Act I - Scene 3. This may sound a bit corny, but it has a remarkable effect on an audience. Start it quietly, almost imperceptivity, and build in volume and tempo.
The Scratching at the Window
Act I - Scene 3. It is very hard to approximate the sound of fingernails scraping on glass and have it heard throughout the theatre. Styrofoam (polystyrene) makes some interesting noises. What has worked in a small theatre is a houseplant size rake (a clawlike tool about six inches long) scraped over brick or glass.
Act I - Scene 3. The credibility of the two black-outs in this scene are crucial to maintaining the suspension of disbelief and to make the audience feel like they are actually in the room. There should be a faint blue light coming in through the windows. Anyone who has lain awake on a moonlit night will recall that the light only comes in through the windows - too much use of overhead blue lights makes it feel like you’re in a field rather than a house. It may be necessary to cheat in a little more fill-in light in the final scenes because the action becomes more frantic and there is more to see. In this sequence (Act I, Scene 3) there is nothing the audience has to see, but some things they mustn’t see. If you are in doubt make the black-outs in ACT I very dark, with only the faintest light delineating the shape of the windows. A shaft of moonlight is a very atmospheric effect, catching the edges of furniture and filling the room with ambiguous shadows.
Use of Incidental Music
Act I - Scene 3. The first entrance of the hermit (George in disguise) is a good time to use incidental music/sound effects like in suspense movies. In terms of logic, one could say that it had been added to the heartbeat tape by whoever is trying to drive Jan crazy. It can heighten the tension and can be very powerful in adding suspense. It is useful in this scene because the first entrance of the hermit is one of the most difficult scenes to make work well and the use of the soundtrack can help push it over the edge.
The Window Is Blown Open
This is achieved by having a rod attached to the bottom of the window so it can be opened and closed from the wings. A fan in the wings blows open the sheer curtains (the heavy drapes are open). The blue-gray moonlight also streams in through the window.
The Big Hermit Scare
This is one of the biggest scares in the play if done right, but it is tricky. It requires a distraction when George sets himself behind the sofa. This distraction is done by Jan (and the audience) focusing on the window which has blown open in the wind. Crouching low in dark clothes George slips in through the doorway of the double-doors and sets himself.
The second distraction is when George pops up from behind the sofa. The audience's focus must again be elsewhere. Jan can use the flashlight to look around the room and then hears a sound at the window. She wheels around to look towards the windows with the flashlight and then the hermit (George) pops up right in the beam of the flashlight as though he has appeared from nowhere. This moment can be augmented with a sound cue. When Jan faints and drops the flashlight, he can escape back through the doorway.

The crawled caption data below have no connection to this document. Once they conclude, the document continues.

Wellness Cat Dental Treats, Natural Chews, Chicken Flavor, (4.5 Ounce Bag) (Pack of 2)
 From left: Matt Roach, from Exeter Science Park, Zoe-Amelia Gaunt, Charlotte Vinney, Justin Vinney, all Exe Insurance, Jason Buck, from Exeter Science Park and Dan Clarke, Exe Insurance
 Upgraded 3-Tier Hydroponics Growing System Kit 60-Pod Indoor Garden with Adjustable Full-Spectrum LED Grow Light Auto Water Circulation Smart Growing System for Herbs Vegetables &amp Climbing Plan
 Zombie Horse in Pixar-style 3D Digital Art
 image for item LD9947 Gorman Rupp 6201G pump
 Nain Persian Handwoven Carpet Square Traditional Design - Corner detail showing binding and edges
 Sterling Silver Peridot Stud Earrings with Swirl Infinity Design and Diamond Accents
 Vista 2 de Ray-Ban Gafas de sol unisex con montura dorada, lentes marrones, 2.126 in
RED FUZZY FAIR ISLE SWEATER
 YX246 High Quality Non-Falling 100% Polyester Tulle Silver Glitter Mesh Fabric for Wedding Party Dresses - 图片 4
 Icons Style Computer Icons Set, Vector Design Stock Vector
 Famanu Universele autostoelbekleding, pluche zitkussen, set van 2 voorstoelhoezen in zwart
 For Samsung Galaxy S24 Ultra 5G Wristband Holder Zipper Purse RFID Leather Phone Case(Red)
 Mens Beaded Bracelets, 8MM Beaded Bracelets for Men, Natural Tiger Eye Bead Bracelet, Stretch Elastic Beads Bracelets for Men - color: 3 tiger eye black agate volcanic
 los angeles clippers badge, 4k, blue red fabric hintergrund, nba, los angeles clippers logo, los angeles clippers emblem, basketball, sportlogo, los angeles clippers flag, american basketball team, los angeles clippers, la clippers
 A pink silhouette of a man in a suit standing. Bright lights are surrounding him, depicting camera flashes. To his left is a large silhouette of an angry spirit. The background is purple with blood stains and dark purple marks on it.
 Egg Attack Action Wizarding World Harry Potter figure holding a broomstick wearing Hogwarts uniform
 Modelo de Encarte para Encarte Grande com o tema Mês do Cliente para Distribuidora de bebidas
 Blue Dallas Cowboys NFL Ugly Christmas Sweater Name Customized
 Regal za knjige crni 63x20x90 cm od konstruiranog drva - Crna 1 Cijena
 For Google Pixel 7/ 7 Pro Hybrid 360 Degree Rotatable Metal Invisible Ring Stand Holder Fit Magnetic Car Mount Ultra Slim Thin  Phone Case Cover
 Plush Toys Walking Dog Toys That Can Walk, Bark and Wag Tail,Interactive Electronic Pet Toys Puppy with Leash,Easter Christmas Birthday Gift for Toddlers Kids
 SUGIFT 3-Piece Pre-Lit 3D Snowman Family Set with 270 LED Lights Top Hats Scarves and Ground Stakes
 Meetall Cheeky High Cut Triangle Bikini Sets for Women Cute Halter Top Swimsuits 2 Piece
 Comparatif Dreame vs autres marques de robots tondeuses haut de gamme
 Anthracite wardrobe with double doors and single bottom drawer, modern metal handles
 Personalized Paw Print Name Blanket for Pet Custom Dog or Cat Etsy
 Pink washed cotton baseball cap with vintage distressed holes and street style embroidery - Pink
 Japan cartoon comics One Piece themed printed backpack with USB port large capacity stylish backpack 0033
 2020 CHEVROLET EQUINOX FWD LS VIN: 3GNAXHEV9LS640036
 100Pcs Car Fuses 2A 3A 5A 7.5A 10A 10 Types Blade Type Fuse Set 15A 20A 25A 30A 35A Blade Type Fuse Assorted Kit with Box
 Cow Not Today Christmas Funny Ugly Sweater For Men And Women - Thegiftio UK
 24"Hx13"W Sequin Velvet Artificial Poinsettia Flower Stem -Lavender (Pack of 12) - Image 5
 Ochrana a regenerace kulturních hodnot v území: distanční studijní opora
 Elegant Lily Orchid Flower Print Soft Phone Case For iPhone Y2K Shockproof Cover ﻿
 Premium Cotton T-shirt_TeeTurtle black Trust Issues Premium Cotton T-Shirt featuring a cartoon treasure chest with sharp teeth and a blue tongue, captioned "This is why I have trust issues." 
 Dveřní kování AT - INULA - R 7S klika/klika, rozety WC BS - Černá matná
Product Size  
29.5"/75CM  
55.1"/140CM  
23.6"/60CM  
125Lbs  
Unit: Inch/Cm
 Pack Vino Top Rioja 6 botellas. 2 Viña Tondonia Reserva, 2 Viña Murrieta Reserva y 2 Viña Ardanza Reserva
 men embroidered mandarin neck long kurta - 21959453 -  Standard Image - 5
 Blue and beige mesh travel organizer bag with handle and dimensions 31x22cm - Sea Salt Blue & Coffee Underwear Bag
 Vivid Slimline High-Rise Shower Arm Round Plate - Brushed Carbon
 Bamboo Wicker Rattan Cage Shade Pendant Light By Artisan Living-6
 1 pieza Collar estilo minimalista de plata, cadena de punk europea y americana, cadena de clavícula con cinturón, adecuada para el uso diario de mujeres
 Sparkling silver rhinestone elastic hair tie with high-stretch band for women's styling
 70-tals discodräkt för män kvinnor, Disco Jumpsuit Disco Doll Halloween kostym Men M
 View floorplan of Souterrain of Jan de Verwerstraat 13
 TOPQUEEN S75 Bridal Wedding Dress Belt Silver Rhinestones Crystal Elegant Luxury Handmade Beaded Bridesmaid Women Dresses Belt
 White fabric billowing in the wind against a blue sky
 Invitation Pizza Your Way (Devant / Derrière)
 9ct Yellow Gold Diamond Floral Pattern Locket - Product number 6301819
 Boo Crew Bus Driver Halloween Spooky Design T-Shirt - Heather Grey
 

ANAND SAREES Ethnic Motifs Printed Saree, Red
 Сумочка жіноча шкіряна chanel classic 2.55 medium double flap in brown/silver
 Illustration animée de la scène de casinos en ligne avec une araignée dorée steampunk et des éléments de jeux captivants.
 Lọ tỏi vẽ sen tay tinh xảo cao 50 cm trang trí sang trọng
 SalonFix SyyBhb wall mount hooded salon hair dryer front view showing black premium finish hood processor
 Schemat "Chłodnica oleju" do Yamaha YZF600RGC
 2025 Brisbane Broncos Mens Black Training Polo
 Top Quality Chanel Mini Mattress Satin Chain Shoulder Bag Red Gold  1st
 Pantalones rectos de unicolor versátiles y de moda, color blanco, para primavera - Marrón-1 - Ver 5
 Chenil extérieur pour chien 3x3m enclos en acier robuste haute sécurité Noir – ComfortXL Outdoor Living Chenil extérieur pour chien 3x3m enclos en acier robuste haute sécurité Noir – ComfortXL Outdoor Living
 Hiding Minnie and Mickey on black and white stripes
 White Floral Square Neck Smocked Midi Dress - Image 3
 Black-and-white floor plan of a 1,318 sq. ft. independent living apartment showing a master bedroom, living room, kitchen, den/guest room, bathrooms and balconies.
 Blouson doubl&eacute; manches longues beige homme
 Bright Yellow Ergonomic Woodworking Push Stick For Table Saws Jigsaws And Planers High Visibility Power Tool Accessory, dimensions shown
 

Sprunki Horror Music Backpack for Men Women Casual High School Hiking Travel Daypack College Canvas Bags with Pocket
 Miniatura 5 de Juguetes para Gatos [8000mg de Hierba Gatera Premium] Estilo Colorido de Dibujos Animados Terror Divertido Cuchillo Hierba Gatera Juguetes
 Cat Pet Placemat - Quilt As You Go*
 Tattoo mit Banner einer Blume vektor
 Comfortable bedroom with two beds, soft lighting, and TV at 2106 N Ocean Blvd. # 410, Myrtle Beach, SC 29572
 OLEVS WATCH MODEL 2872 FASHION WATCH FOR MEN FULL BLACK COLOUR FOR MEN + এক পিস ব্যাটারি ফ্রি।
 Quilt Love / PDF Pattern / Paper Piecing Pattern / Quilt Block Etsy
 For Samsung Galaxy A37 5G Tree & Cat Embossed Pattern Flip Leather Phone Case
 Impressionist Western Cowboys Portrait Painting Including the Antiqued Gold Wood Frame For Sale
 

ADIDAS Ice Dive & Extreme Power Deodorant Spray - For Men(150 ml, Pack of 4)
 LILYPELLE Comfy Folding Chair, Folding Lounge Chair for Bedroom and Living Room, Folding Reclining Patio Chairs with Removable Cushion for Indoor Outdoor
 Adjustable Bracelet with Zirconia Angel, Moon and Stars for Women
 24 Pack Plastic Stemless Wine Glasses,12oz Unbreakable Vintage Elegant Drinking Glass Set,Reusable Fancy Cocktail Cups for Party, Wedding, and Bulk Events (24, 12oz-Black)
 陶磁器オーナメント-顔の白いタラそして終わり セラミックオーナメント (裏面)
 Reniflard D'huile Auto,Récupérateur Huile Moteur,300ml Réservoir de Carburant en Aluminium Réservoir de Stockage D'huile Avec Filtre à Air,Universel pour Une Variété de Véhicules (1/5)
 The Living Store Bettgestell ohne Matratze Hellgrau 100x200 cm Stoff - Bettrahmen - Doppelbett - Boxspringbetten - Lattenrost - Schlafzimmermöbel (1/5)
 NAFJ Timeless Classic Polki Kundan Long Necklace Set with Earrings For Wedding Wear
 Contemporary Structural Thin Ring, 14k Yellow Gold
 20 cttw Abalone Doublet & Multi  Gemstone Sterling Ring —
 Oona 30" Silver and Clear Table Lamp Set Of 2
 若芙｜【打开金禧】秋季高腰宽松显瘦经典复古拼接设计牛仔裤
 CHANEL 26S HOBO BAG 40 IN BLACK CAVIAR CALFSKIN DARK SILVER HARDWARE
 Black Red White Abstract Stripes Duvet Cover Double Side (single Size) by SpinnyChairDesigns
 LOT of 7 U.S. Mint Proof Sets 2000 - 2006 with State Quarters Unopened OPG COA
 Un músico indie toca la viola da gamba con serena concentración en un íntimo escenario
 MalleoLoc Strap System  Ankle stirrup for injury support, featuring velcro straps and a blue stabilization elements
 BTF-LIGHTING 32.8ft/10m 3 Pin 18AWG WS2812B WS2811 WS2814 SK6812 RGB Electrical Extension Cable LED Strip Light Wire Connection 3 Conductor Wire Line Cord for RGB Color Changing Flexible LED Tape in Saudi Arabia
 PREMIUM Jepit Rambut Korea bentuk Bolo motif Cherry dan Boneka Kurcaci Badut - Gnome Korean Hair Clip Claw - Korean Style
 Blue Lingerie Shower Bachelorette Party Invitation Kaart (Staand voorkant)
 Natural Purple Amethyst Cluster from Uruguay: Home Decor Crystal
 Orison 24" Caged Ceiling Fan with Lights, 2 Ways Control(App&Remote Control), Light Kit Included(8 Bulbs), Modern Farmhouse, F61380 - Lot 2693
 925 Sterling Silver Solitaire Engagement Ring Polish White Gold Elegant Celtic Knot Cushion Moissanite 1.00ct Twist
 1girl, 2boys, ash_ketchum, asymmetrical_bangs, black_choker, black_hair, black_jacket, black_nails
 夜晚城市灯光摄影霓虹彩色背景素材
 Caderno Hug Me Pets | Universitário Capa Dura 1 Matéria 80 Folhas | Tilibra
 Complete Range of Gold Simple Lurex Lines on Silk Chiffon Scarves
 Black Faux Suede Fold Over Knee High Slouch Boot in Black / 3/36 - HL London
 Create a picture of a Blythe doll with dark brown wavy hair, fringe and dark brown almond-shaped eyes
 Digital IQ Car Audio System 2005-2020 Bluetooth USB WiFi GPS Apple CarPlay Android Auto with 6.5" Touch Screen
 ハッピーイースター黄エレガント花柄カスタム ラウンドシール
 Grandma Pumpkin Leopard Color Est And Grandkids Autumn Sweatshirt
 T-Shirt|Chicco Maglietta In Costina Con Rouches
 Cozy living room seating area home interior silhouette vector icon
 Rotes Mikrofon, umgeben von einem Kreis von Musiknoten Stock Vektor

The hermit must not look like George as that would give too much away, so the actor should do all he can to change his appearance. He can hunch over to change his height and posture, and change his gait with a limp. Also the baggy hermit coat can hide his body shape.
The Hermit's Weapon
George mentions that the hermit appears with "a long bloodstained knife". This should be a good size, like the various field knives used in farm work. Some look like machetes, some have a hooked end for cutting crops like a sickle.
The Flashlights (Torches)
Act I - Scene 3. The flashlights (called torches in the UK) should be powerful and rugged ones. They will get some abuse. Also it is very important that spare flashlights (at least two) are hidden around the set, and that Jan practices getting them in the dark. If you only have one flashlight it is guaranteed to fail on opening night. And the batteries should be fresh.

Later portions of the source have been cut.